23 February 2015

How a mutually retweeting network can make a hashtag trend in Twitter

Network of lines and dots

A. Problem

If you have a Twitter team who mutually retweet each other's posts, and each member posts the same number of original tweets per day, how large must the team be in order to send one tweet per second, one tweet per minute, or one tweet per hour in your chosen hashtag?

B. Solution

Suppose you have two groups of people that shall implement your Twitter campaign to promote a particular hashtag:
  • Influencers--Their task is to write original tweets using the hashtag.
  • Retweeters--These are the Tweet amplifiers.  Their job is to share the tweets of the Twitter influencers. They may be a pure retweeter, i.e. he doesn't write his own tweet, or he may also be an influencer, too.
One way to think of this is to think in terms of a Twitter army. Your influencers are your standard bearers. Your retweeters are your foot soldiers. Once an influencer raises his standard by posting a tweet, the retweeters flock to his banner and retweet his post. After the all the retweeters have done their duties, another influencer raises his standard by making another tweet and the process repeats itself. This may not be a good strategy in real war, because foot soldiers take time to assemble under one banner. But in Twitter, retweeters can repost a tweet in less than one minute. And if the influencers and retweeters can post a significant number of tweets per day, then the can make a hashtag trend in Twitter, i.e. its number of tweets per day is greater than those of other hashtags.
Let $n_I$ be the number of Influencers and let $n_R$ to be the number of pure Retweeters. If $n_{T/I}$ is the average number of original tweets per influencer per day, then the total number of tweets that your influencers can write is $n_{T/I}n_I$ and the total number of retweets is $n_{T/I}n_I n_R$. Thus, the total number of tweets that your marketing team can produce per day is \begin{equation} N = n_{T/I}n_I n_R + n_{T/I}n_I = n_{T/I}n_I (n_R + 1). \end{equation} For example, if you have 5 influencers tweeting 6 times a day and you have 10 pure retweeters, then the number of tweets you can produce per day is $6(5)(10+1) = 330$.

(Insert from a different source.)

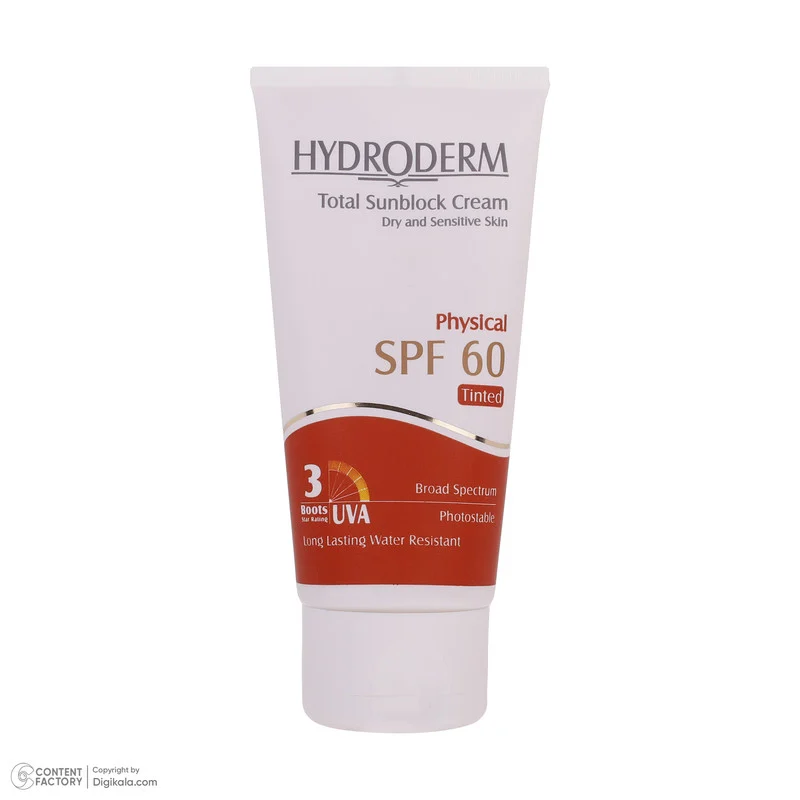کرم ضدآفتاب رنگی هیدرودرم SPF60 مدل Phisical Tinted ‌مناسب پوست‌های حساس، حجم 50 میلی‌لیتر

If you include your influencers as part of your retweeter team, provided that they cannot retweet their own posts, then we need to modify our formula to \begin{equation} N = n_{T/I}n_I n_R + n_{T/I}n_I + n_{T/I}n_I(n_I - 1) = n_{T/I}n_I(n_R + n_I). \end{equation} For example, if you have 5 influencers tweeting 6 times a day and you have 10 pure retweeters, with your influencers allowed to retweet posts of other influencers, then the number of tweets that your marketing team can produce per day is $6(5)(10+5)= 450$.

One special case is when you have no pure retweeters, $n_R=0$, so that your influencers become a mutually retweeting network. Then the number of tweets your team can produce per day reduces to \begin{equation} N = n_{T/I}n_I^2. \end{equation} That is, the number $N$ of your tweets per day is proportional to the number $n_I$ of your influencers and the number $n_{T/I}$ of tweets per influencer per day. For example, if you have 5 mutually retweeting influencers with each influencer posting 6 original tweets per day, then the total number of tweets your team can produce per day is $6(5^2)=150$.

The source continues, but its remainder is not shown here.